We are probably not going to get through the chapter in this post either. Each subsection is too meaty to pass over but it is this first chapter of the book which is transformational to the discussion of classical education and we are in no hurry.

In the section titled Defending the Art of Memory Caldecott brings up the famous Dialogue of Plato in the Phaedrus where Socrates "suggests (writing) has a tendency to 'implant forgetfulness' in the souls of men."

Imagine living in a world where it was imperative to remember. Homer lived in that world and that is probably why we still have his words. Imagine now a world where you needn't remember anything because of Google. It is a scary thought.  Writing has given us textbooks and textbooks have given us information and now we have Wikipedia and Google. "The written text pretends to master and contain truth. which in reality exceeds anything that one person can grasp."

On the other hand, writing can often be a form of memorization. We may write something down, not to have it on hand for the future but to solidify it in our minds. Do you remember a sermon better if you have taken notes rather than just listened?

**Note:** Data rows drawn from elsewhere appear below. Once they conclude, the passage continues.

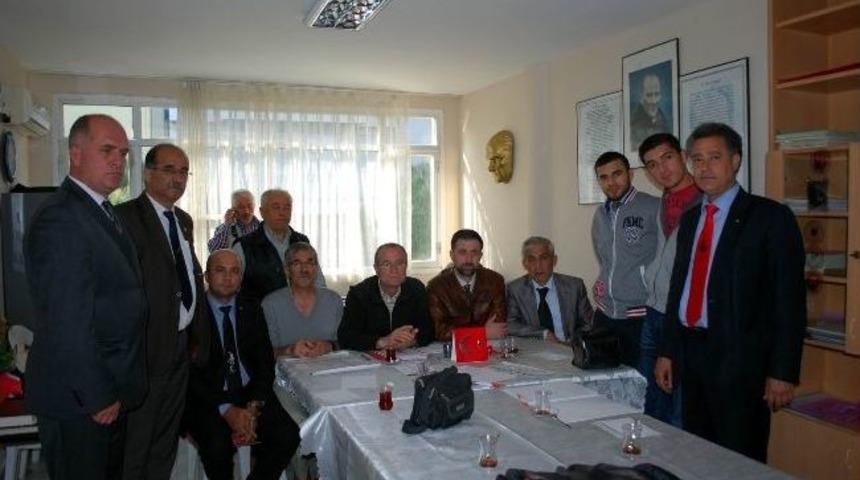 Salihli&rsquo;de "b&ouml;l&uuml;nme Anayasasına Hayır" Paneli D&uuml;zenlenecek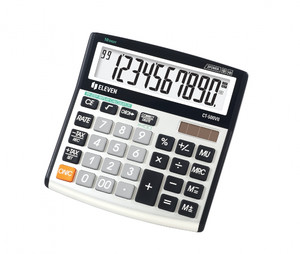 Eleven Calculator CT-500VII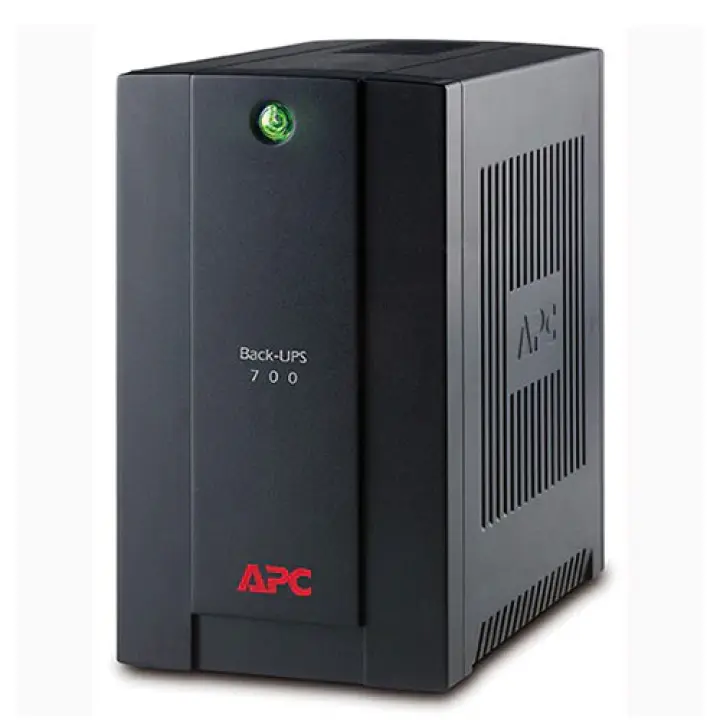 Apc Backup UPS 700VA 230V AVR IEC Sockets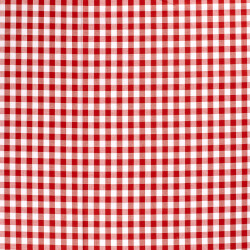 Baumwollpopeline garngefärbt Vichy Karo??mm - FARBE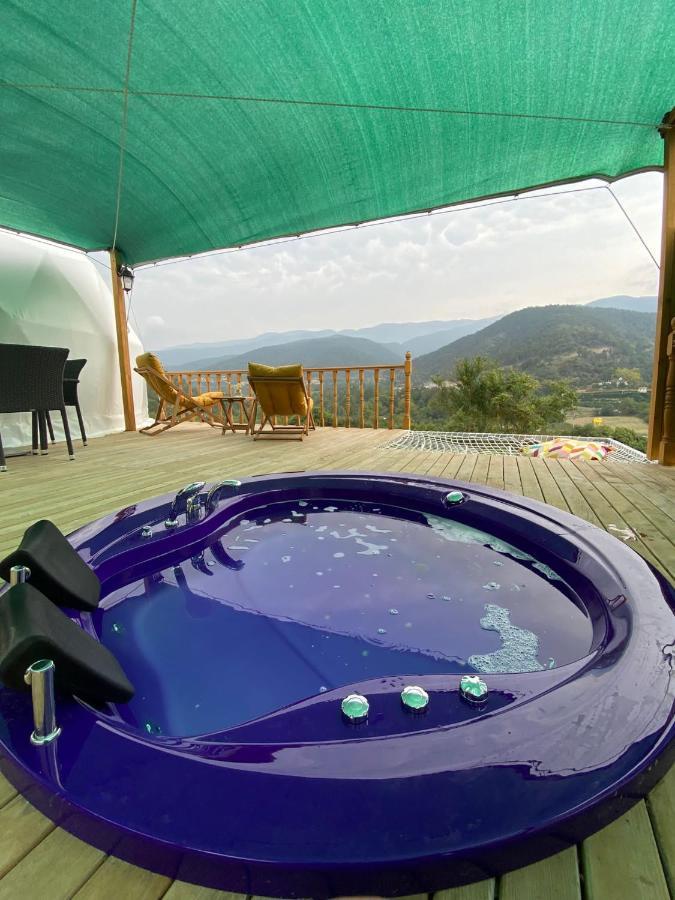 Готель Dengekoru Wildlife & Glamping Mudurnu Екстер'єр фото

I am not sure.

Caldecott then makes an important distinction. The point of the Phaedrus is not for us to memorize by rote vast amounts of information.

"But how is this to be achieved? By bringing back rote memorization in schools, and by testing students on their recall of information? Partly, no doubt, but it is worth noting that there is also implicit in Plato a critique of ‘rote’ memory. True human memory is not mechanical repetition; it is an organic assimilation and appropriation. What is remembered is not something other than the self, but something experienced and known through the self. This means that we must probe a little more deeply into the meaning of memory, before we try to work out how to recover it."

Benjamin Jowett in his introduction to the Phaedrus reminds us that what Plato is doing is giving us "a picture not a system."  I just love this distinction. Systems get us in trouble. Systems are for machines not humans.

Likewise, Caldecott reminds us that "remembering is inseparable from knowing and loving...." 
Augustine then says that education is not about the trivium of remembering, knowing and loving ourselves but rather education is remembering, understanding and loving God.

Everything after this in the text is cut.